In the three catalogs, GZ2 samples exhibit significantly large scatters at the spiral galaxies and are biased to Sc types (Figure 12(a)). EFIGI (Figure 12(b)) and NA10 (Figure 12(c)) sample classification are comparable to the reported visual morphological classification (see Figure 19 in Baillard et al. 2011 and Figure 14 in Nair & Abraham 2010). This biased classification of GZ2 through our TSGICAS seems to result from the difficulty of visual morphological classification among Sa to Sd types by non-experts. In Figure 1, GZ2 catalog hosted a higher number of Sc galaxies than the adjacent spiral galaxies, while EFIGI and NA10 catalogs hosted comparable numbers. Figure 13 depicts an example in which similar images of Sc type have different types in GZ2. The two galaxies are indistinguishable by visual inspection, indicating that Sc type contains too many different types of galaxies. Therefore, we suspect that morphological types of Sc galaxies in GZ2 are confused mainly with the adjacent types of spiral galaxies.

**Figure 13.** Examples of Sc-type galaxy miss-classification in GZ2 catalog. The top and bottom rows indicate the MC sample's Sc type galaxies and the retrieved similar images. The text and percentage denote the morphology type and similarity values, respectively.
Download figure:
Standard image High-resolution image

To investigate this issue, we randomly select a small and fixed number of samples in each morphological type to make a new MD sample. Assuming the original MD sample has a well-normalized distribution of classification accuracy, it is expected that the new MD sample will exhibit a lower variance in accuracy, indicating a higher probability of well-classified galaxy types in the new MD sample compared to the original sample. We calculated the H-similarity and determined the morphological types for the MC samples in the new MD samples. This process was iterated 400 times. For each galaxy in the MC sample, we finally determine a morphological type as a mode value of 400 predicted morphological types. This will statistically reduce the probability of being misclassified by repeatedly performing galaxy classification in the new MD with a low variance of classification accuracy.
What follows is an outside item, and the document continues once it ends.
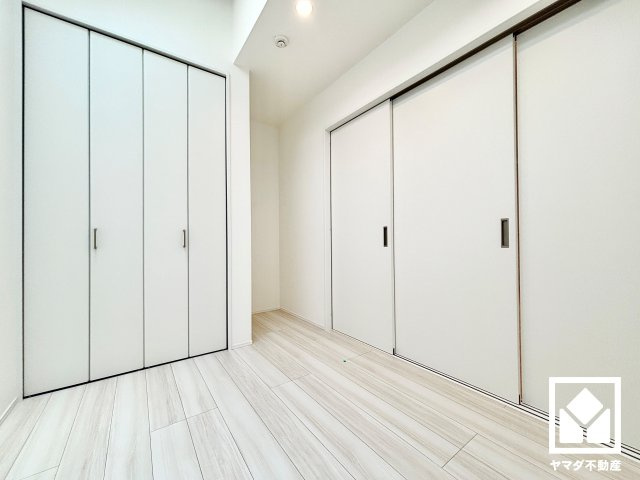 西宮市南甲子園２丁目　第10　B号地の子供部屋|約4.14帖の1階洋室です。お子様のお部屋などにも丁度良い広さです。おしゃれなインテリアが映える明るい洋室で、リラックスしたひとときを過ごせます。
Figure 14 presents the confusion matrices of this test. The bias of the predicted morphological type for spiral galaxies in the GZ2 catalog is lower than that of the previous confusion matrices (Figure 12). The correlation coefficients for GZ2 (0.735), EFIGI (0.811), and NA10 (0.815) catalogs are either higher or comparable with previous studies. The difficulty of morphological classification among adjacent morphological types via visual classification translates into the uncertainty of predicted morphological types by TSGICAS. As a result, GZ2 and NA10 exhibited improved results in late-type galaxies, indicating the presence of a significant number of misclassified galaxies within the spiral region. In conclusion, a well-classified morphological catalog is essential for more reliable predictions by TSGICAS.

4.2.2. Misclassification

To identify galaxies that were misclassified by our previous morphological classification method, we have divided the results into three categories based on the degree of misclassification: best-classification, good-classification, and miss-classification. Best-classification refers to instances where the morphological type assigned to the MC sample by our method exactly matches the true morphological type. Good-classification refers to instances where the predicted morphological type is within two adjacent types of the true type and encompasses the category of best-classification. For instance, good-classification of Sc type in the EFIGI catalog include Sb, Sbc, Sc, Scd, and Sd. Miss-classification refers to all remaining cases that are not included in the best-classification and good-classification. Our method provided the best-classification of 55.08% (GZ2), 24.44% (EFIGI), and 31.74% (NA10) and the prediction accuracies of the good-classification are 82.68% (GZ2), 74.28% (EFIGI), and 80.32% (NA10). The fractions of the miss-classification are 17.32% (GZ2), 25.72% (EFIGI), and 19.68% (NA10).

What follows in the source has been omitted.